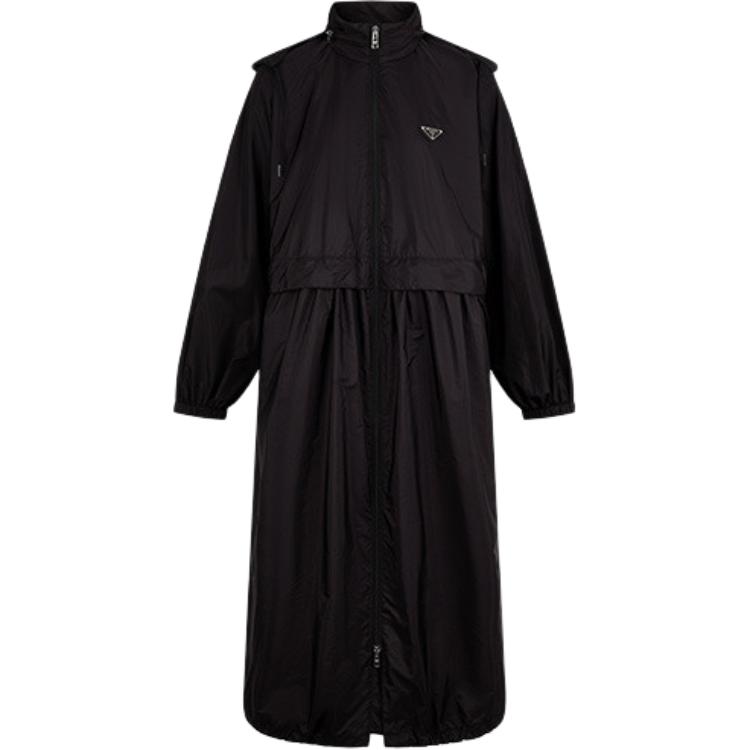 Дождевик на молнии с логотипом Prada, черный
Дождевик на молнии с логотипом Prada, черный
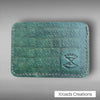 Flower Tapestry - Green- Mini Stamped Wallet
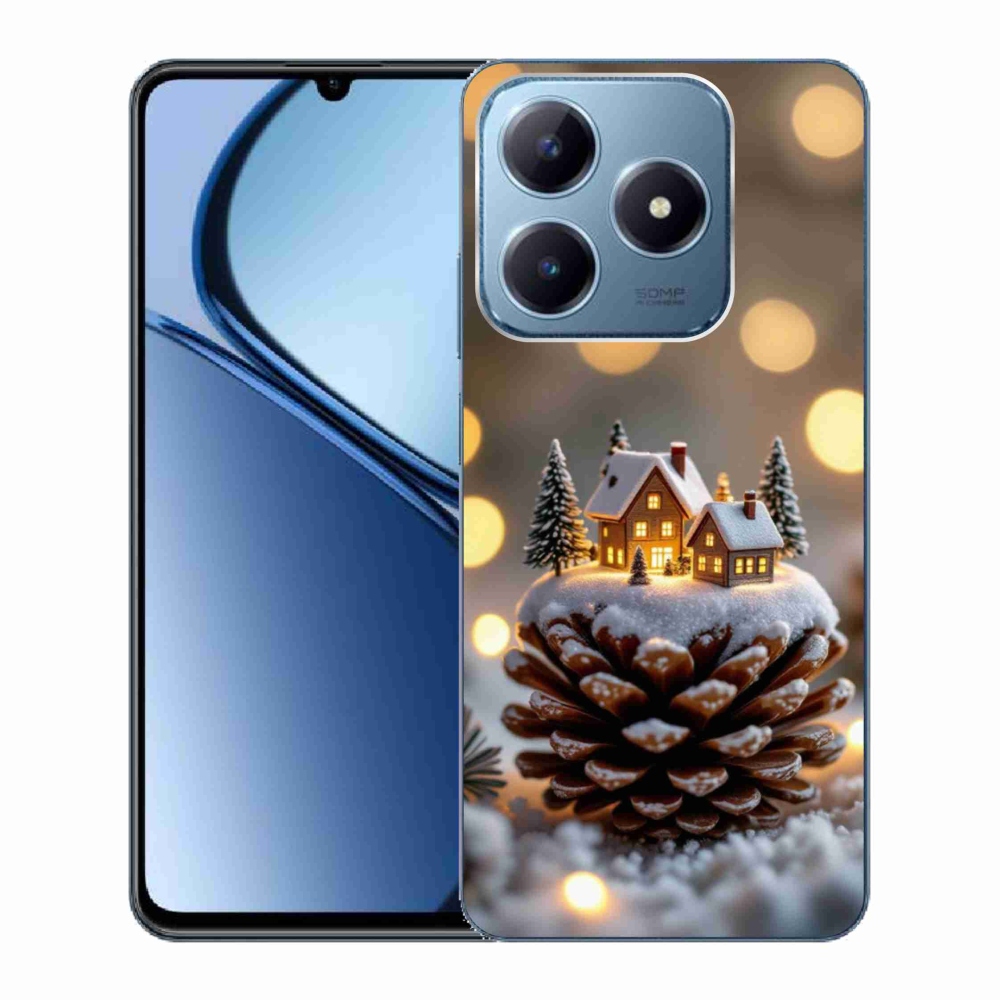Gélový kryt mmCase na Realme C63 - zimná dedinka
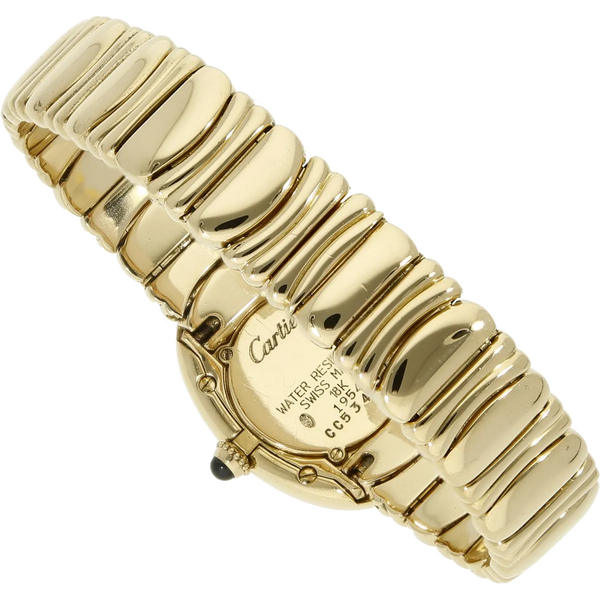 CARTIER Baignoire Papiere neuer Service - die Uhr die Macht ausstrahlt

▶ Work item
The copy must include every record exactly and none of the pictures.

▶ Output
 Дождевик на молнии с логотипом Prada, черный
Дождевик на молнии с логотипом Prada, черный
 Flower Tapestry - Green- Mini Stamped Wallet
Gélový kryt mmCase na Realme C63 - zimná dedinka
 CARTIER Baignoire Papiere neuer Service - die Uhr die Macht ausstrahlt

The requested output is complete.